Scimitar oryx

Scimitar-horned oryx (Oryx dammah )

The scimitar-horned oryx (Oryx dammah ) is a once native to the Sahara type of Oryx.

Exterior Features

Of the other species of the genus Oryx, it is distinguished by the long, strong backward curved horns from 1 to 1.25 meters in length. The shoulder height is 120 centimeters, weight up to 200 kilograms. The coat is white, dyed partly brownish.

Behavior

The sable antelope feeds on grasses, leaves and fruits, and lives in herds of up to seventy animals. The gestation period is about 270 days, after which the female gives birth to a single offspring.

Dissemination

As a pure desert animal, the scimitar-horned oryx lived in the central Sahara, in the large mammals are otherwise rare. While they were once lived in large herds from Mauritania to Egypt, there was finally only small residual populations in the north of Niger and Chad States. Once the herds should have included up to a thousand antelopes. Within the Sahara they wandered far and could survive for several months without water.

Eradication in freedom

Uncontrolled hunting, the last place from cars and airplanes that were once common scimitar-horned oryx in the wild was completely destroyed. Since their habitat offered them no way to prospect for hiding the destruction process was very quick. In Egypt, the scimitar-horned oryx in 1850 already died out. In the central Sahara, the herds survived several decades, but in the 1970s survived only small groups around the Termit Massif in Niger and the nature reserve Ouadi Rime Ouadi Achim in Chad. Extensive search expedition in the years 2001-2004 could sift no living Säbelantilope more, so that the IUCN did not have to change the status of the species occurring in wilderness. However, there was recently an unconfirmed sighting of four sable antelope in northern Niger.

Maintenance in captivity

Paradoxically, in the wilderness no longer occurring scimitar-horned oryx is the second most held in zoos antelope; only the blackbuck is represented more frequently. Overall, there were worldwide in 2005 at least 1,500 animals that were held within the framework of breeding programs. In the United Arab Emirates, probably about 4000 animals are kept in a private collection.
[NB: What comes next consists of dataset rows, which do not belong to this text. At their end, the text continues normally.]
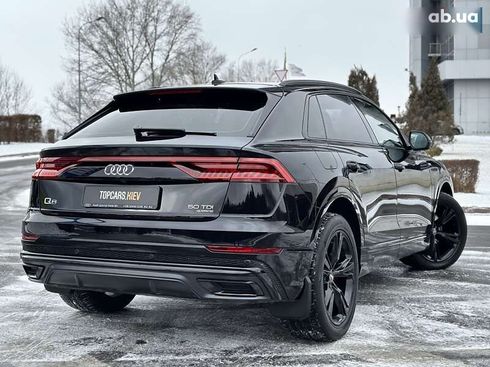 Audi Q8 2020 - фото 13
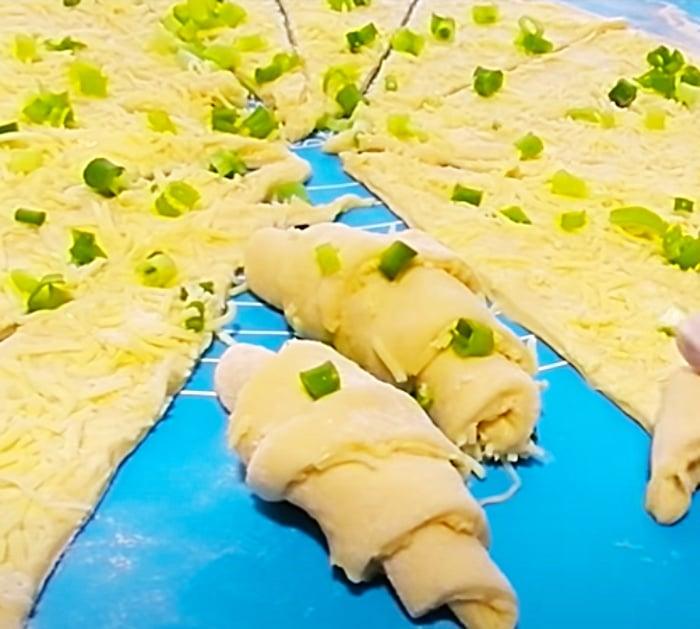 Fluffy Cheese Bread Recipe - Homemade Bread Ides - How To Make Bread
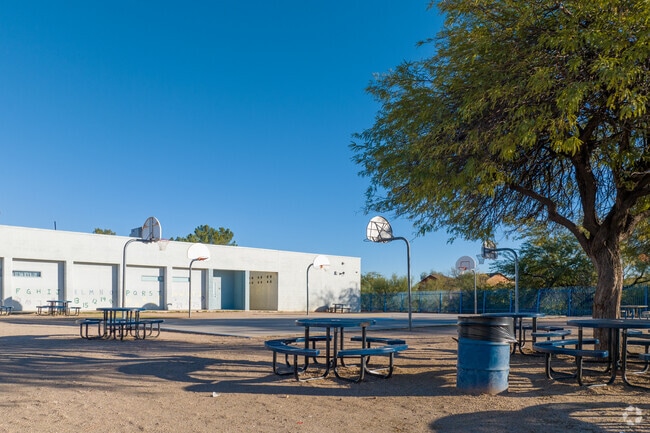 basketball courts and shaded outdoor seating at Los Amigos Elementary School in Tucson, AZ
In early 2012 the stock on Texas hunting ranches had grown to at least 6,000 animals. The American animal rights organization " Friends of Animals ", however, won a lawsuit against the American conservation authority which has granted a special permit to hunt the protected antelope. As a result, the hunt was hampered on the Oryx in Texas from April 2012. Many farms have consequently reduced their Oryx stock. In the U.S. Congress there is a foray, the Save Endangered Species Act of 2013 to allow the hunting of sable antelope in the U.S. again.

Reintroduction

Since the scimitar-horned oryx was destroyed not by habitat destruction, but by hunting in freedom, reintroductions published soon make sense. Already in 1986, ten animals were reintroduced in southern Tunisia in a fenced area of the Bou- Hedma National Park. By 1997 this herd had increased to 84 animals.

In other fenced protected areas in Tunisia, Morocco and Senegal animals are kept.